More Than Just ‘Stuff’

Why elites don’t care about your stolen belongings

- KAROL MARKOWICZ Twitter: @Karol

HOW important is your stuff ? Over the holiday, YouTube star Casey Neistat shared that his cars had been broken into, but that the Los Angeles Police Department had found the perpetrato­r and gotten his stolen goods back.

Actor Seth Rogen didn’t understand all the fuss. He tweeted that Neistat could be mad, but Rogen doesn’t “personally view my car as an extension of myself and I’ve never really felt violated any of the 15 or so times my car was broken in to.”

Additional­ly, Rogen noted, “Once a guy accidental­ly left a cool knife in my car so if it keeps happening you might get a little treat.”

The deep privilege necessary to shrug off having your car broken into 15 times seemed lost on Rogen.

It’s not just him. We’re in a strange time in which we’re lectured we’re not supposed to care about “stuff.” Material goods shouldn’t matter, we’re told by people who have far more material goods than most people.

Last month, White House Press Secretary Jen Psaki referred to the “tragedy of the treadmill that’s delayed” when talking about the supply-chain crisis. Psaki also dismissed concerns about Christmas presents arriving on time. Psaki earns $180,000 a year in her role.

White House Chief of Staff Ron Klain approvingl­y retweeted someone who called economic problems like inflation “high-class problems.” He too makes $180,000. It’s very easy to dismiss economic problems that affect people all over the country when you’re making more than three times the salary of the average worker.

And last year, as riots raged in the wake of George Floyd’s killing, we heard a lot that property damage doesn’t really matter. So what if someone’s business is destroyed? They’ll survive.

But that dismissal of property crime has led directly to the shopliftin­g sprees we’re seeing in cities like San Francisco. If stuff doesn’t matter, people can just take it.

Things don’t matter as much as people, of course. I would set fire to every single item I own to protect my family. But history shows us that after the stuff goes, people often follow.

In Venezuela, President Nicolás Maduro’s government has been seizing “stuff” for a while now. A toy factory here, a GM plant there. The government has taken farmland and apartments.

And while it’s hard to say how many people have left the country, a 2019 Miami Herald story puts the number at “15 to 19 percent of Venezuela’s total population.” For some reason, they didn’t have Seth Rogen’s joie de vivre about property not being that important.

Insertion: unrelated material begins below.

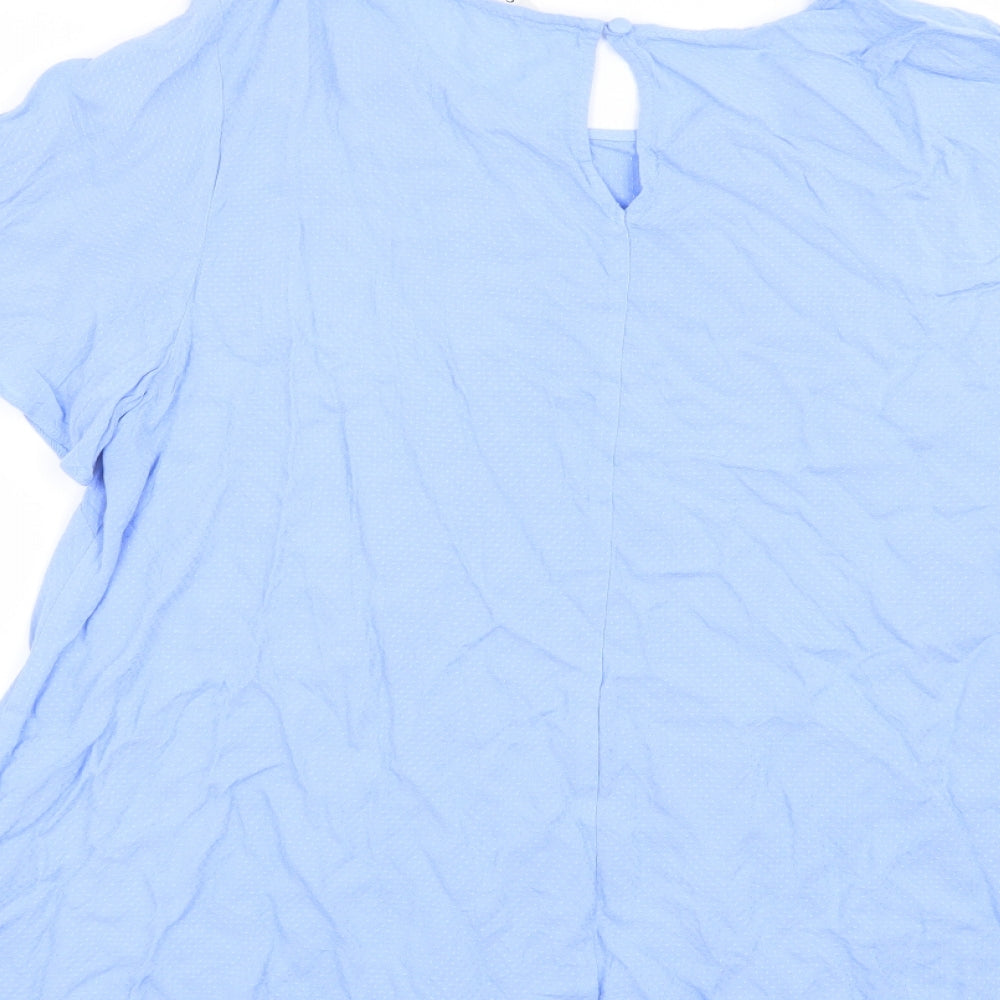 Womens UK Size 14 George Blue Basic Blouse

My great-grandfathe­r owned a bakery in the Soviet Union. In the 1930s, the government outlawed private businesses, and his bakery no longer belonged to him. It’s just a storefront, it’s just your life’s work. It’s just what he used to support his family until it was no longer allowed.

He was seized, too, sent to a gulag far away. His wife saw him once, after she made the arduous trek. His four kids, never again. It was just a business, but its destructio­n consumed a family.

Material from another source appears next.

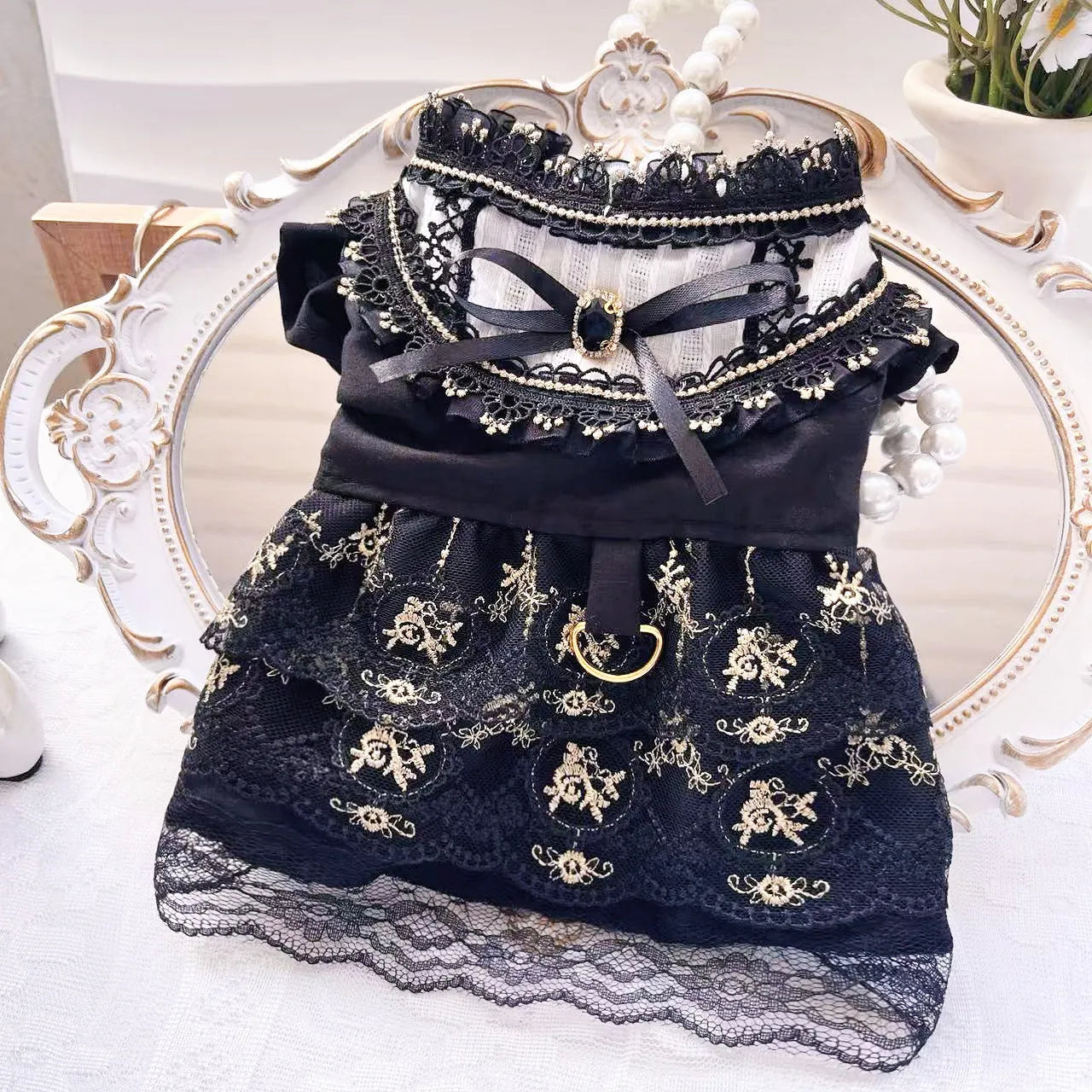 Golden gothic-style princess skirt costume for a small dog or cat.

It’s not always as dramatic as a patriarch being imprisoned. In 1970s New York City, crime spiraled out of control. Violent crime like murder and rape went hand in hand with robbery, burglary, larceny and vehicle theft. Between 1970 and 1980, the city lost 10 percent of its population.

Those who can protect their things or just buy new stuff don’t get how perilous it feels to have what you’ve worked for stripped away from you.

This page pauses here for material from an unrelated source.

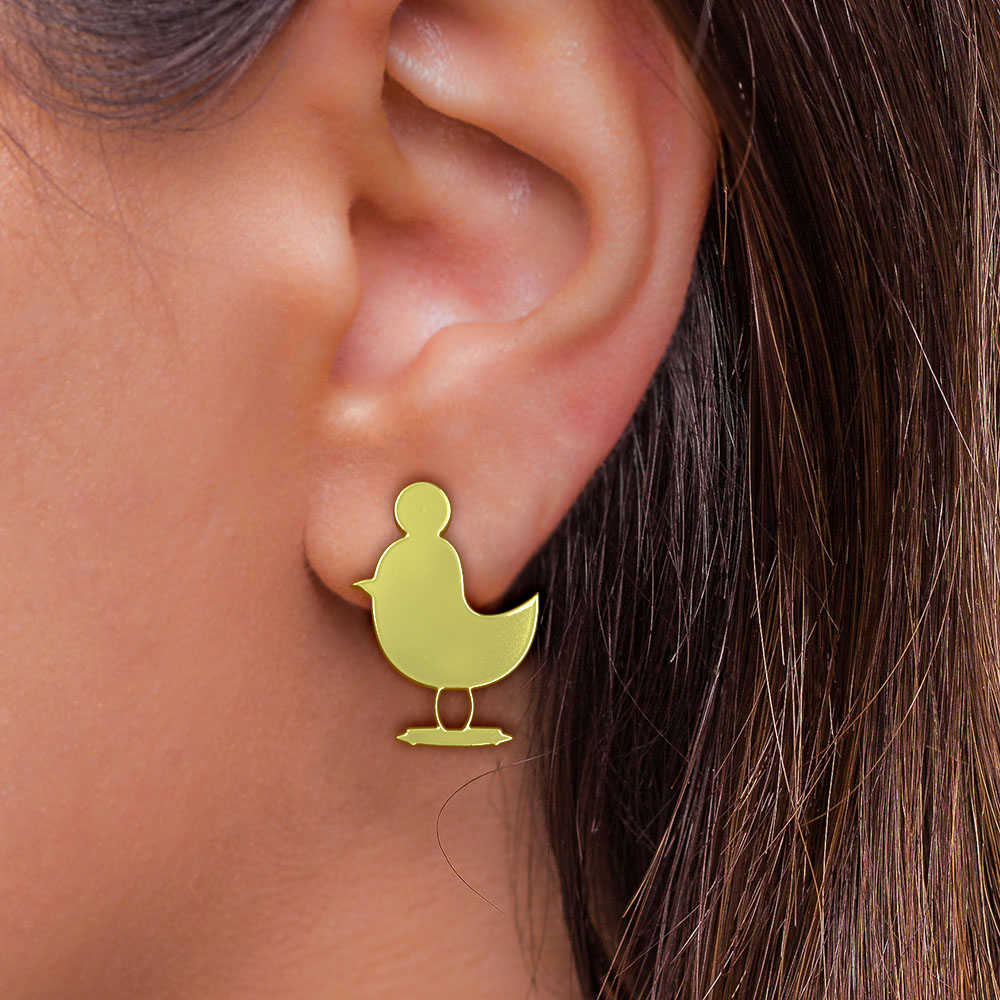 گوشواره طلا 18 عیار زنانه مدوپد مدل گنجشک کد GA1-10328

Stuff matters. It’s the car that takes you to work and keeps your family safe from worry. It’s the business you built and want to protect.

It’s the joy on your daughter’s face when the toy she wanted arrives in time for Christmas. It’s especially poignant if you’ve been poor, had to go without, and you’ve worked a long time to make sure your kids have it differentl­y than you did.

Our things are important. They are a layer of protection around us. They represent comfort but also freedom. When things are scarce, we lose far more than just the material goods. Abundance is good; security of that abundance even better.